In this work, to enhance the adaptive and dynamic performance of MVDE, a new adaptive scaling factor is proposed. The values of random variables which are generated from two different probability distributions: cosine and logistic distributions are used to update the scale factor of each individual for each generation.

Proposed distributions

The two parametric distributions with different thicknesses tails which can be identified completely are cosine and logistic distributions. Depending on the development of optimization operation, the probability of selecting each random generator is proposed.

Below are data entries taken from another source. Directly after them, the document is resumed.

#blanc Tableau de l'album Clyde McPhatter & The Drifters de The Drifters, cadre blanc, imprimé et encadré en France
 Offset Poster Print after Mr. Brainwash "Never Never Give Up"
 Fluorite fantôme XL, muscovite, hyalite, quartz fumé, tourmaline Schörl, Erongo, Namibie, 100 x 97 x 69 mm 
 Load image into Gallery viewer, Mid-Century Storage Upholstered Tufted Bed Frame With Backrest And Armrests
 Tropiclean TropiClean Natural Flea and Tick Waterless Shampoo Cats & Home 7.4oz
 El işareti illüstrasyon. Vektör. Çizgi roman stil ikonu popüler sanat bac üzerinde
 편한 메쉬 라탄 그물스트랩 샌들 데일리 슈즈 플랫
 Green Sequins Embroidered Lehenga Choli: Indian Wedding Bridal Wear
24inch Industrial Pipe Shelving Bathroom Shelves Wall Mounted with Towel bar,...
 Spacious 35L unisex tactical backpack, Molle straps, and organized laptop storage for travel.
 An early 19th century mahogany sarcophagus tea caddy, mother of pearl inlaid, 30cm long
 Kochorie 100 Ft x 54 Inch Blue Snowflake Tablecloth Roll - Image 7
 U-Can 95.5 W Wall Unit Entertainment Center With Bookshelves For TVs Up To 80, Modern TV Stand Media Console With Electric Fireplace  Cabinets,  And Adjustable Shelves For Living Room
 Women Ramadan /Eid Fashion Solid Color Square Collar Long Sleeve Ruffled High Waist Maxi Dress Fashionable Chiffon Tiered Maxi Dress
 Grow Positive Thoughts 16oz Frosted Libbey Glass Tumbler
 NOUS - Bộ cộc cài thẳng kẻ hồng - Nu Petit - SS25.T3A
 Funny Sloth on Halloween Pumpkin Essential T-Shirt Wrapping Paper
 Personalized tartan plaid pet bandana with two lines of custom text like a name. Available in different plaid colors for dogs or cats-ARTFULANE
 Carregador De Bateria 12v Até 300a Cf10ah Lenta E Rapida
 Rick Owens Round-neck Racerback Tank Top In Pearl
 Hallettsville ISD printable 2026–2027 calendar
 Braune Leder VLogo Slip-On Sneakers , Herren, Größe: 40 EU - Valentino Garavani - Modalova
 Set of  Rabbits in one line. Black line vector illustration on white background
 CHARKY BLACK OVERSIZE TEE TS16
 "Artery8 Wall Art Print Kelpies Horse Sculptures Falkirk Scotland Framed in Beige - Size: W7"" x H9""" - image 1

In the first generations, F has a value with a high probability to be produced according to the cosine distribution. On the other hand, at the end of optimization, the probability of utilizing the logistic distribution is increased. Hence, both of these distributions are used simultaneously. Certainly, small and large values of independent variables can be generated from each random distribution (i.e., symmetrical bell shaped distributions). Therefore, the control of the exploration (with large values) and the exploitation (with small values) are attempted to be supported by this proposed scheme for controlling the exploration– exploitation balance.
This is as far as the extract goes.